En application des articles L. 341-2 et L. 341-3 précités du code de la consommation, il convient donc de déchoir totalement la société INVEST CAPITAL LTD, venant aux droits et obligations de la SA BNP PARIBAS PERSONAL FINANCE, de son droit aux intérêts.
Conformément à l’article L. 341-8 du code de la consommation, en cas de déchéance du droit aux intérêts, le débiteur n’est tenu qu’au seul remboursement du capital. Cette déchéance s’étend donc aux intérêts et à tous leurs accessoires.
Par conséquent, la poursuite du contrat étant ordonnée, il appartient à la société INVEST CAPITAL LTD, d’une part d’établir un nouvel échéancier pour le remboursement par M. [S] [Z] de la seule somme de 10 000 euros (capital emprunté), en 24 mensualités (nombre de mensualités qui était prévu au contrat) d’un montant égal (soit des mensualités de 416,67 euros chacune, à l’arrondi supérieur).
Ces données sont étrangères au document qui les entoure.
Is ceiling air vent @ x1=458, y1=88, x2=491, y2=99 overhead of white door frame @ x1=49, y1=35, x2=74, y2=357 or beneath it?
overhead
D’autre part, il lui appartient d’imputer dans ce nouvel échéancier les paiements effectués par M. [S] [Z] depuis l’origine.
Sur ce point, il se comprend de l’historique des règlements déjà évoqué (pièce n°7), complété par un décompte à en-tête de « 1640 » au 11 décembre 2025 (étant précisé qu’aucune explication n’est donnée concernant les rapports entre cette société « 1640 » et la société INVEST CAPITAL LTD), qu’à cette dernière date, M. [S] [Z] s’était acquitté au titre du prêt en litige de la somme totale de 3 045,84 euros, comme suit :
2 045,84 euros avant le 18 novembre 2024 (date considérée à tort comme date d’acquisition de la déchéance du terme) ;1 000,00 euros après le 18 novembre 2024.Cette somme, correspondant à 7,31 mensualités de 416,67 euros chacune, doit donc être imputée sur les 7 premières mensualités de l’échéancier précité, apparaissant payées et, partiellement, sur la 8ème mensualité, de telle sorte que reste à payer par M. [S] [Z] un peu plus de 16 mensualités de 416,67 euros chacune au titre de ce prêt.
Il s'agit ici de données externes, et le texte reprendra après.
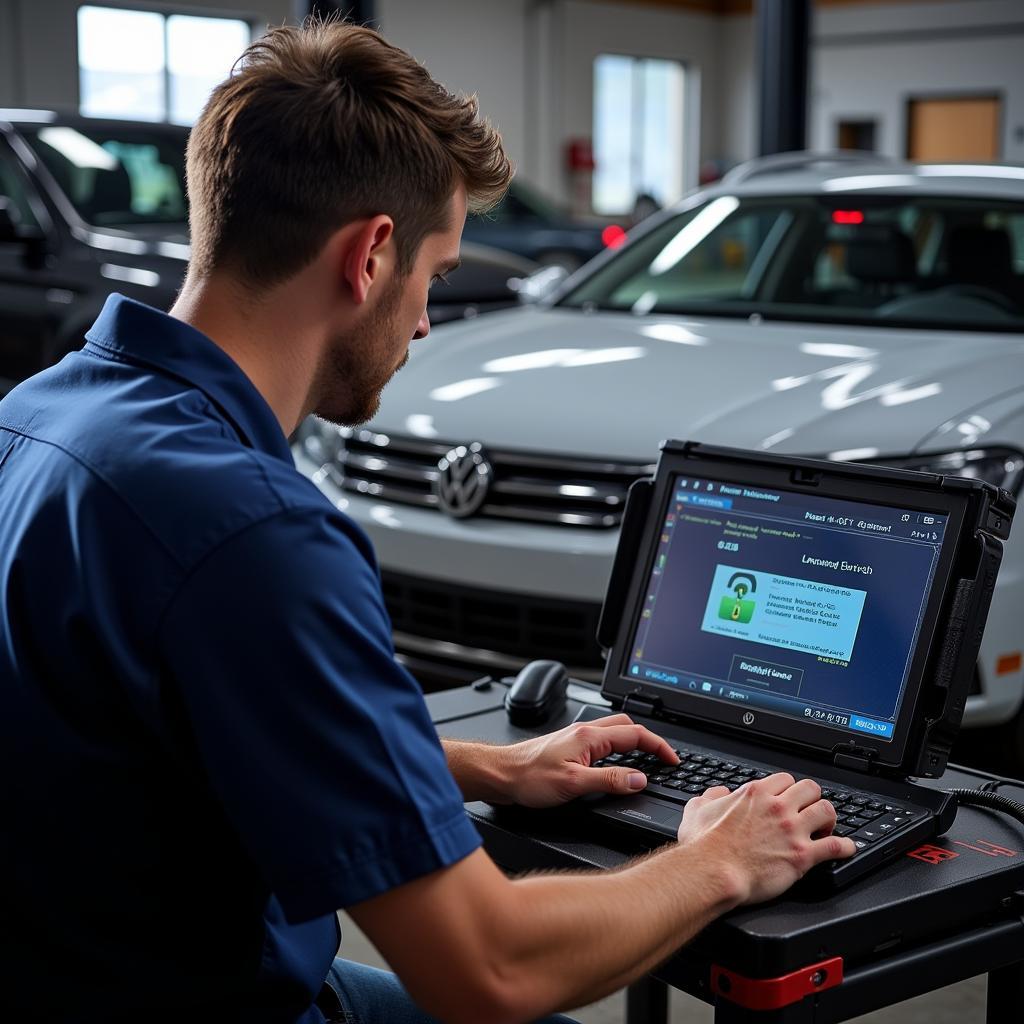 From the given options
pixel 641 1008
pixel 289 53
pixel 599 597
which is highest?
pixel 289 53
Sur les frais du procès et l’exécution provisoire
En application de l’article 696 du code de procédure civile, la société INVEST CAPITAL LTD, qui succombe à l’instance, sera condamnée aux dépens.
Succombante, elle sera déboutée de sa demande au titre de l’article 700 du code de procédure civile.
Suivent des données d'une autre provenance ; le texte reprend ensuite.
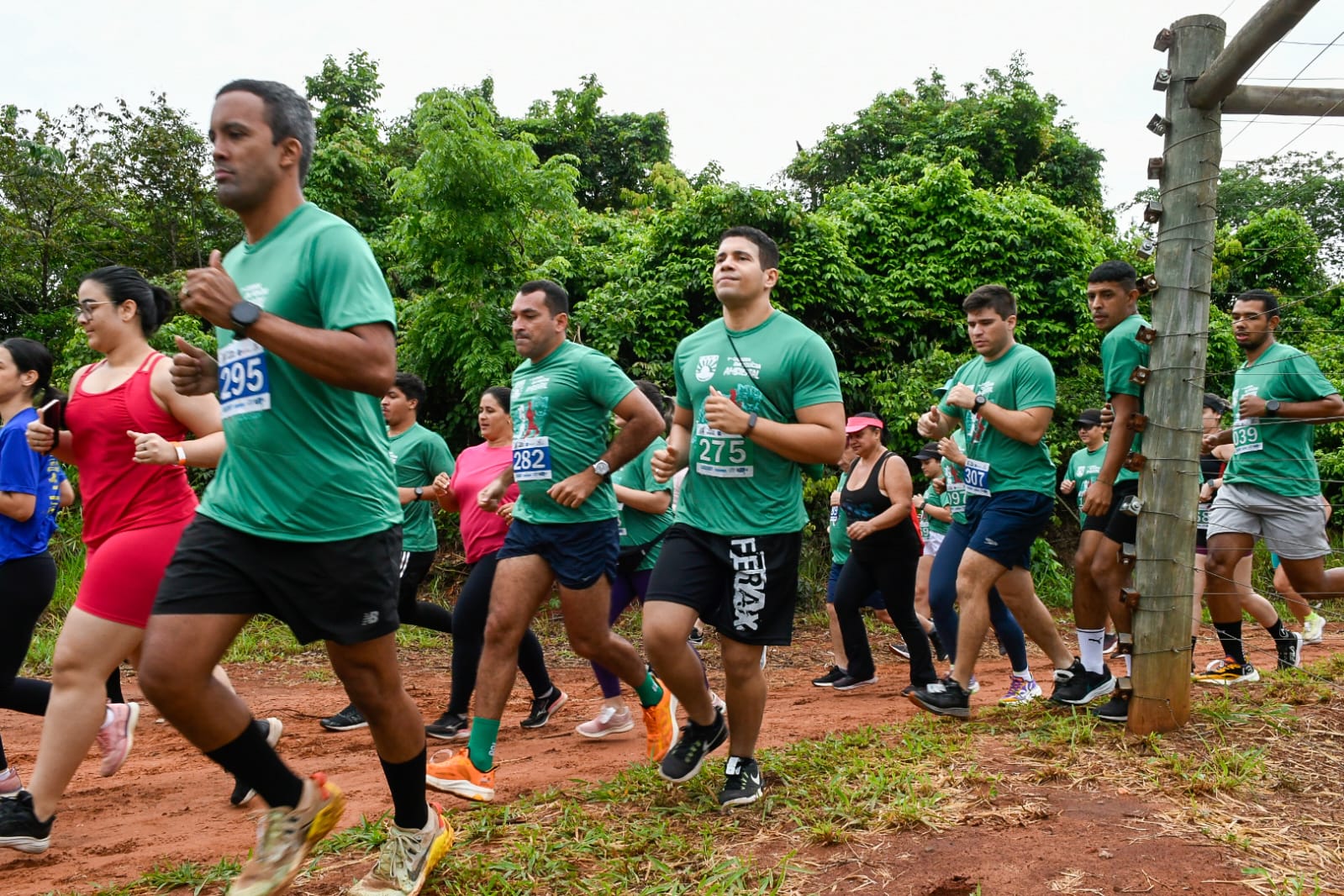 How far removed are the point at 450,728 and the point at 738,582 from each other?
2516 mm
Enfin, l’exécution provisoire assortissant de droit les décisions de première instance, en application de l’article 514 du code de procédure civile, sera rappelée.
***
PAR CES MOTIFS
Le juge des contentieux de la protection,
CONSTATE l’absence d’exigibilité immédiate du prêt n° [XXXXXXXXXX01] accordé par la SA BNP PARIBAS PERSONAL FINANCE à M. [S] [Z] ;
DEBOUTE en conséquence la société INVEST CAPITAL LTD venant aux droits et obligations de la SA BNP PARIBAS PERSONAL FINANCE de ses demandes en paiement au titre du prêt susvisé ;
PRONONCE la déchéance totale du droit aux intérêts de la société INVEST CAPITAL LTD venant aux droits et obligations de la SA BNP PARIBAS PERSONAL FINANCE au titre du prêt susvisé ;
DIT que la société INVEST CAPITAL LTD devra :
Remettre à M. [S] [Z] un échéancier de remboursement de la seule somme de 10 000 euros, en 24 mensualités égales ;Imputer en paiement sur ces échéances mensuelles recalculées les paiements déjà effectués pour un montant total de 3 045,84 euros arrêté au 11 décembre 2025 ;Après cette imputation, reprendre le cours de cet échéancier à compter de la première mensualité apparaissant non intégralement réglée ;
*
CONDAMNE la société INVEST CAPITAL LTD aux dépens ;
DEBOUTE la société INVEST CAPITAL LTD de sa demande au titre de l’article 700 du code de procédure civile ;
RAPPELLE que la présente décision est de droit exécutoire à titre provisoire en application de l’article 514 du code de procédure civile.
Ainsi signé par la juge et la greffière susnommées et mis à disposition des parties le 30 avril 2026.